━━ Exercise materials ━━

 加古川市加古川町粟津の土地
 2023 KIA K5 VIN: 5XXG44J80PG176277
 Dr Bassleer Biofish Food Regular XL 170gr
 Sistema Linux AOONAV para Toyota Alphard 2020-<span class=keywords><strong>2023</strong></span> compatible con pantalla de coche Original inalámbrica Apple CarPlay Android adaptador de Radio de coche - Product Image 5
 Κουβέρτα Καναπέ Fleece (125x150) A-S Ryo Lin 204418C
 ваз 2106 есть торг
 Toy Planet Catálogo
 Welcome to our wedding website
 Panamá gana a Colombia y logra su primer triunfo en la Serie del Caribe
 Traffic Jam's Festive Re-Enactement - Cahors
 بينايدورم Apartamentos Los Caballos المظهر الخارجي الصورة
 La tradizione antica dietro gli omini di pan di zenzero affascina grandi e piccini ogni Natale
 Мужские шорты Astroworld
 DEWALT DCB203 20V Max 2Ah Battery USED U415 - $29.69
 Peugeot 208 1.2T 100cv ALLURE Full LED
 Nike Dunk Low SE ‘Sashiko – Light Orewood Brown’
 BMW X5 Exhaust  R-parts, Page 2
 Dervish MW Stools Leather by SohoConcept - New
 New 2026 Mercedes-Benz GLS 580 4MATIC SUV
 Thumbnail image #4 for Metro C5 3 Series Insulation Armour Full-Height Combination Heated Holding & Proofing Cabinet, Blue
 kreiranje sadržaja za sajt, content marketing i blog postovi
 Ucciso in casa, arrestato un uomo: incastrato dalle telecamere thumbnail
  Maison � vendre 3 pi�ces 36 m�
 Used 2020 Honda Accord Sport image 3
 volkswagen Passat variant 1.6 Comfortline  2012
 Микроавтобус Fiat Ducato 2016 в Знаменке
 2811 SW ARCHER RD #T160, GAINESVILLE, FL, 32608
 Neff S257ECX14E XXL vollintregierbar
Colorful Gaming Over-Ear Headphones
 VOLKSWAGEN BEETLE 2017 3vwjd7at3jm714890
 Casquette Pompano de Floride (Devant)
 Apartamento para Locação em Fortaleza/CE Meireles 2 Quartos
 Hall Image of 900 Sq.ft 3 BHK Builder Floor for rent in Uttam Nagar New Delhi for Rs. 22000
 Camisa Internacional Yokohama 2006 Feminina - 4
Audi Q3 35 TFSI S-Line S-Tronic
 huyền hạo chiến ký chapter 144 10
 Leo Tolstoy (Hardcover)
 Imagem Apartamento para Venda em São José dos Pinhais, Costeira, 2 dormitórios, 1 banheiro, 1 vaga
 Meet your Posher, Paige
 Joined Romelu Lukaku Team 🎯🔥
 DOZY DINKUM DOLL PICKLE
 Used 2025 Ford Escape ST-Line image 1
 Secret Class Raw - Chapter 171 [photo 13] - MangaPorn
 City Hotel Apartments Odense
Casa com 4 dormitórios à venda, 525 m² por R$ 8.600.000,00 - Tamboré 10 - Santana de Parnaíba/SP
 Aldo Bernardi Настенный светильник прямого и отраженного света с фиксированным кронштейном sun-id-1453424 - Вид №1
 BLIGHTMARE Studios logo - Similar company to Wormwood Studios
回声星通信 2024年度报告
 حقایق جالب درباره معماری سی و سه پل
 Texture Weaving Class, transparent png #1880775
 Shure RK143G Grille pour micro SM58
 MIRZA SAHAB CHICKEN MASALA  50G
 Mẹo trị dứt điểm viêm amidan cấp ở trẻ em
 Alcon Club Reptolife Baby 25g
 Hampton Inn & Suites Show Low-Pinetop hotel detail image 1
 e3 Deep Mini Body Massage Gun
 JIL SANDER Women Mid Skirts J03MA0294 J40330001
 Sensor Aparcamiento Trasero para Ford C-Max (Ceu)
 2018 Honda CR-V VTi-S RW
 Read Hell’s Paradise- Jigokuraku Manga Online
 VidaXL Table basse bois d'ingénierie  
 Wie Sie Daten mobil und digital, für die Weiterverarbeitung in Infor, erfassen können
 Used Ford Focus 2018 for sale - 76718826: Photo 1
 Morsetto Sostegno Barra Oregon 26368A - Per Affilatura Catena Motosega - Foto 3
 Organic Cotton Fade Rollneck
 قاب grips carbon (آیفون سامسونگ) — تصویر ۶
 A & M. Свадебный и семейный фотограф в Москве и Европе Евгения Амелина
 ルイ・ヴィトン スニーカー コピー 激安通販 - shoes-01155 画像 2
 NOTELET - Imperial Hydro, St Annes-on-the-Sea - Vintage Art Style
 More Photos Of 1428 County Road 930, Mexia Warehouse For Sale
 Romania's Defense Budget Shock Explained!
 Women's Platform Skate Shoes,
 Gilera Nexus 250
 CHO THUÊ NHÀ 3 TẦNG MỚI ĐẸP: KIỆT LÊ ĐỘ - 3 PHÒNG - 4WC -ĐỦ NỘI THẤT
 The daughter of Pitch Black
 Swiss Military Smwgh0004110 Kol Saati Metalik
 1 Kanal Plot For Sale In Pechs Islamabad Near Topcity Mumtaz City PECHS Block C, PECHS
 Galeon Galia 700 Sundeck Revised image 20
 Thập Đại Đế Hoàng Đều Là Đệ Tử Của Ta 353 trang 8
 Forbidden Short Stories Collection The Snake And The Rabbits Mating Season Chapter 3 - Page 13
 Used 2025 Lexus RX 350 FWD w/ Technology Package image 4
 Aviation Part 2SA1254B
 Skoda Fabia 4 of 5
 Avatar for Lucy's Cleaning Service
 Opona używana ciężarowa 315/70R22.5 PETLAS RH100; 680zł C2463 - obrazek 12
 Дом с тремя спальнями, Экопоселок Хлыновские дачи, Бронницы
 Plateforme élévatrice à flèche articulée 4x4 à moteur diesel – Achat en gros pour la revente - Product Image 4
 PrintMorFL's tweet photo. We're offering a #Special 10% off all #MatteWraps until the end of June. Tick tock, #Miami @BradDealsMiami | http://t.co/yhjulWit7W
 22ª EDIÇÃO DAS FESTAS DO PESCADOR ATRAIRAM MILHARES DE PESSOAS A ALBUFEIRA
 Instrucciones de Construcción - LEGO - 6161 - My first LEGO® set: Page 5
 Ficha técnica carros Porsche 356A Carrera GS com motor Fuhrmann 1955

━━━

Each line above that contains the word "Product" should be returned.

*Solved problem*.
 Sistema Linux AOONAV para Toyota Alphard 2020-<span class=keywords><strong>2023</strong></span> compatible con pantalla de coche Original inalámbrica Apple CarPlay Android adaptador de Radio de coche - Product Image 5
 Plateforme élévatrice à flèche articulée 4x4 à moteur diesel – Achat en gros pour la revente - Product Image 4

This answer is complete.